**DATA LISTING**
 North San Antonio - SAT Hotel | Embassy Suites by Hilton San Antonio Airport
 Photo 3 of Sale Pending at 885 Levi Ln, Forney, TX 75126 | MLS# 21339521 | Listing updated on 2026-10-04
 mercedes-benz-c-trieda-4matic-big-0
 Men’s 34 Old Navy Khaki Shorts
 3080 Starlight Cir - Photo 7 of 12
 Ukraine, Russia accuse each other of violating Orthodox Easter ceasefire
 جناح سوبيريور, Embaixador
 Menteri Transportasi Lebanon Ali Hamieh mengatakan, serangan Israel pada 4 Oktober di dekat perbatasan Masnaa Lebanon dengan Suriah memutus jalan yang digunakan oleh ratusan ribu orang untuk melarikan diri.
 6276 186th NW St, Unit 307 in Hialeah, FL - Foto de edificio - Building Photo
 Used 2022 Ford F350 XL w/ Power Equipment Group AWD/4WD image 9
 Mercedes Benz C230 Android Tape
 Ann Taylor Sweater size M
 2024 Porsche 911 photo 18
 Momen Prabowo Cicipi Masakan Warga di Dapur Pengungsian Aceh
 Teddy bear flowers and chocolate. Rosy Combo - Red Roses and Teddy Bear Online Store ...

**REQUIRED WORK**
Each line from the one containing "Used 2022 Ford" to the last line above must be returned exactly, and no line outside that range.

**RESULT OF THE EXERCISE**
 Used 2022 Ford F350 XL w/ Power Equipment Group AWD/4WD image 9
 Mercedes Benz C230 Android Tape
 Ann Taylor Sweater size M
 2024 Porsche 911 photo 18
 Momen Prabowo Cicipi Masakan Warga di Dapur Pengungsian Aceh
 Teddy bear flowers and chocolate. Rosy Combo - Red Roses and Teddy Bear Online Store ...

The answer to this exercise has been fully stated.